UTOPIE NE S'EST PAS ECRIT AU FUTUR

par Daniel Guibert

    Il y a comme un paradoxe d’emblée  : Utopie ne s’écrit pas au futur. Ce n’est pas un projet, c’est un acte. Le paradoxe n’est que superficiel, si l’on évoque le contexte où se trouve la clé de la fondation de la revue, en 1967.
          Si Utopie revendique alors comme fondement la « culturutopique », c’est immédiatement pour lui assigner une fonction critique de contre-culture politique. Le groupe Utopie s’en explique, à Turin, en 1969 : « Nous refusons toute parenté avec ces formalistes visionnaires. Notre position est théorique et stratégique. Il ne s’agit pas d’alimenter un nouvel imaginaire, un nouvel espoir révolutionnaire. Fi du messianisme révolutionnaire ! »
      Utopie
se pose d’abord symboliquement contre la culture anti-utopique des partis « de gauche » et leurs « formes aliénées de lutte », culture anti-utopique d’appareil qui prend racine d’une lecture « réaliste » de Marx et de l’écrit circonstanciel d’Engels, sur la distinction entre socialisme utopique et socialisme scientifique, le dernier y prévalant sur l'autre et notamment tenant une affinité évidente avec l'organisation. *1
     Cette lecture, confortée par Lénine et Trotsky, est donc demeurée non seulement celle idéologiquement conditionnée des appareils néo-staliniens que sont restés nombre de partis communistes proches du Kremlin, mais encore celle de tous les petits appareils néo-léninistes, néo-trotskistes et maoïstes dits gauchistes, qui fleurissent à l’époque du mouvement de solidarité international contre la guerre du Viet Nam. *
       Alors qu’à la base subsiste la pureté salvatrice autant que refondatrice d’un socialisme scientifique non utopique, en fait, tous ces nouveaux appareils avant et après 1968 revendiquent, contre les Partis communistes parlementaires, un dispositif théorique revisité pour justifier leurs leaders ou bureaucrates syndiqués ou organisés. Loin du marxisme-léninisme se trouvaient et se trouvent encore les situationnistes, bientôt dissous (1969) ; loin du situationnisme se trouvera Utopie, qui d'emblée suit sa propre voie matérialiste.

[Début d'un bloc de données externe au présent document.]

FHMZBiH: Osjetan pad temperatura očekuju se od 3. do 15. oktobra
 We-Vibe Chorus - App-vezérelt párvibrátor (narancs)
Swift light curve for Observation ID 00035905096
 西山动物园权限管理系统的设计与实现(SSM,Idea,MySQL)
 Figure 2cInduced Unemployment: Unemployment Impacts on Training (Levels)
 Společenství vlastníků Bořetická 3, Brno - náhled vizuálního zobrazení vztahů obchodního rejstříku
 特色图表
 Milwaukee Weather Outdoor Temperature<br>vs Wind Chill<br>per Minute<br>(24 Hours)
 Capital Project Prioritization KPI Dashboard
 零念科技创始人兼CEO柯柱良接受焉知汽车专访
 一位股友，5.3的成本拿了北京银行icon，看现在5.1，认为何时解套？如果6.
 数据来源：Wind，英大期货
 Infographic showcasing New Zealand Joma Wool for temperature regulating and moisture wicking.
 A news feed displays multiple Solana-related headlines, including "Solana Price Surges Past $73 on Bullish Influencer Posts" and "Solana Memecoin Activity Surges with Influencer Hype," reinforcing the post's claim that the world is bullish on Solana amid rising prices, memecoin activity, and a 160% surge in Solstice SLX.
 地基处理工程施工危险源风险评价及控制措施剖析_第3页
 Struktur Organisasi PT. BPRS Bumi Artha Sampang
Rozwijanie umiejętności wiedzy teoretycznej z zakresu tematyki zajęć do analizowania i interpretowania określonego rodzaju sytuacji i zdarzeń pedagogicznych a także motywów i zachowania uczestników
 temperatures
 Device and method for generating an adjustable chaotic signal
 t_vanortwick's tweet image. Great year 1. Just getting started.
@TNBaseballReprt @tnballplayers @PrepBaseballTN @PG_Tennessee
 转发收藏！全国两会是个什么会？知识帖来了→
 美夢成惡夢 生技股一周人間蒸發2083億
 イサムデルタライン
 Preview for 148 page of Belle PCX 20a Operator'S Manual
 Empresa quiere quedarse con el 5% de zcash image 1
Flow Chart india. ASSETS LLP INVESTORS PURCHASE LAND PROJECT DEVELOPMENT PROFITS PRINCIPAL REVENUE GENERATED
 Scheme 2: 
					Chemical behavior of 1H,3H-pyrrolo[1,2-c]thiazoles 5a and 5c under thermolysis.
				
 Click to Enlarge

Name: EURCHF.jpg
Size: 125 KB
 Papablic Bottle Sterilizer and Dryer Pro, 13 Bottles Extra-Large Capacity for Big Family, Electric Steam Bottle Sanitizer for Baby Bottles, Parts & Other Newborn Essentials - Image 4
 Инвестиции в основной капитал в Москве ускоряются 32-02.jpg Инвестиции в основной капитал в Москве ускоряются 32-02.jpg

    Cette mouvance informelle du contre, cooptée parmi des architectes et des urbanistes, des sociologues et des philosophes, tous rédacteurs anonymes plutôt que signataires mais dont les noms (certains de passage) figurent aux listes de chaque comité de rédaction, s’assemble donc d’un anti-appareil et d’un droit à l’utopie sans délai, dont elle fait son titre.
   Plus significatifs, deux fronts singuliers de la pensée de l’immédiat sont ouvert, deux fronts non séparés, intégrés dans une même praxis : une sociologie politique de la vie quotidienne, une sociologie politique de l’urbain.
    Ce regard sur l’urbain vivant, vital, urgent, ne ressort pas non plus à un u-topos idéal, ni à un simple décor de théâtre formaliste. L’urbain ici se pense comme l’arène matérielle et réelle des luttes, contrôle et subversion — où l’arène même constitue l’un des enjeux de ce territoire, et non des moindres. Au modèle mythique alors ambiant de la guerre populaire des campagnes asiatiques contre les villes occupées par l’ennemi impérialiste, se substitue le point de vue de la guérilla urbaine, la lutte de l’intérieur, l'entropie, le détournement de l'utilitaire, concrètement et symboliquement, depuis la structure de penser jusqu'à l'Équipement, pas à pas, rue par rue, passages et venelles de la ville comme des idées, engageant l’implosion de tout le dispositif de l'organisation sociale. La fin de la valeur. Ce que nous voyons réalisé de soi, aujourd'hui.

     En ce non-lieu et non redite qu’est Utopie, pas plus de projection passéiste que de projection futuriste ne motive de fixer la réflexion par l’écrit ou l’image ; l’illusion même de voir, à terme, l’État libéral dépérir ne dure point ; c'est sans tarder l'économie politique dans toutes ses occurences qu'il est donné de voir disparaître, avec le système de la production — en quoi consiste une des fulgurances d'Utopie de l'avoir réfléchi, d'avoir réfléchi que le terrain de l'expérience institutionnelle pour aventure critique allait défaillir sous nos pas : parce que la société et le pouvoir allaient changer de sens.
    À la différence des apparatchiks gauchistes et de leurs bureaux politiques, la conquête de l’un quelconque de ces appareils extérieurs reste aussi bien hors des fins, calculées ou non, d'Utopie (l'avenir respectif de ses membres en atteste). Une conviction contrariante sans doute porte et emporte la « revue », qui n’est ni re-visitation ni ré-vision ni ré-pétition : au-delà de toute idéologie d’appareil et de désir de pouvoir, la puissance transgressive de la pensée radicale, par son dispositif théorique en miroir loin de l'engagement utile, doit se suffire pour faire monde politique. Utopie s’y exercera jusqu’à l’épuisement.
     Ses écrits sont à ce point illimitrophiques en leur inscription pratique, qu’ils restent actuellement la proie des institutions néo-politiques, notamment de leurs affldés déclarés, ou occultes, recyclés dans l'administration qui oeuvre à sa muséification morbide, qui tenta de la vendre aux plus offrants collectionneurs ou fondations Outre-Atlantique. Mais Utopie veille sans doute plus vive que morte et encore a dit « non ».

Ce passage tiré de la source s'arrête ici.